DEDICATÓRIA DA SEGUNDA EDIÇÃO DO CRISTO CIGANO A JOÃO
CABRAL DE MELO NETO :
A poeta Sophia aqui se volta, mais uma vez, a seu amigo e também poeta, o brasileiro João Cabral de
Melo Neto, no que vem : “I - João Cabral de Melo Neto/Essa história me
contou/Venho agora recontá-la/Tentando representar/Não apenas o contado/E sua
grande estranheza/Mas tentando ver melhor/A peculiar disciplina/De rente e
justa agudeza/Que a arte deste poeta/Verdadeira mestra ensina”. E o poema exato
e frio da dicção cabralina, também não deixa de alucinar, e a poeta cita
Cesário Verde, como uma possível comparação, no que temos : “II – Pois é poeta
que traz/À tona o que era latente/Poeta que desoculta/A voz do poema imanente”

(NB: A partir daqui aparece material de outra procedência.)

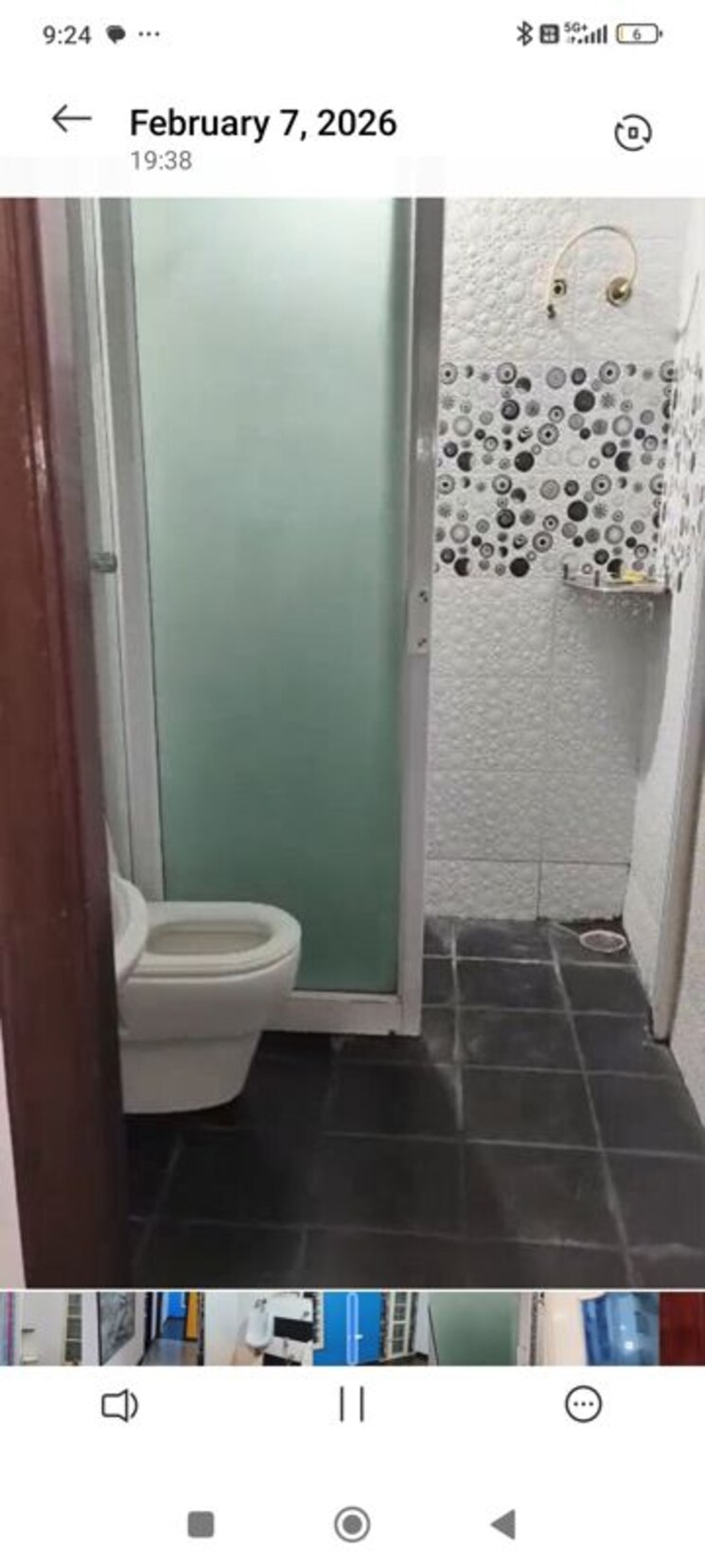 Bathroom, sai-shree-enclave 4 Bedroom 2200 Sq.Ft. Penthouse In New Thippasandra Bangalore 9921392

(...) “Nunca erra a direcção/De sua exacta insistência/Não diz senão o que
quer/Não se inebria em fluência” (...) “Mas sua arte não é só/Olhar certo e
oficina/E nele como em Cesário/Algo às vezes se alucina” (...) “Pois há nessa
tão exacta/Fidelidade à imanência/Secretas luas ferozes/Quebrando sóis de
evidência”.
CESÁRIO VERDE : A poeta Sophia aqui faz um poema como se Cesário Verde
descrevesse a sua própria dicção poética, num poema bem curioso, no que temos :
“Quis dizer o mais claro e o mais corrente/Em fala chã e em lúcida
esquadria/Ser e dizer na justa luz do dia/Falar claro falar limpo falar rente”.
O mesmo tema da fala fria que, em seguida, alucina, dita no poema anterior,
aqui se repete, no que vem : “Porém nas roucas ruas da cidade/A nítida pupila
se alucina/Cães se miram no vidro da retina/E ele vai naufragando como um barco”.
E a vida urbana e decadente toma a poesia de Cesário, por fim : “Amou vinhas e searas e campinas/Horizontes
honestos e lavados/Mas bebeu a cidade a longos tragos/Deambulou por praças por
esquinas” (...) “Fugiu da peste e da melancolia/Livre se quis e não servo dos
fados/Diurno se quis – porém a luzidia/Noite assombrou os olhos dilatados”
(...) “Reflectindo o tremor da luz nas margens/Entre ruelas vê-se ao fundo o
rio/Ele o viu com seus olhos de navio/Atentos à surpresa das imagens”.
Gustavo Bastos, filósofo e escritor.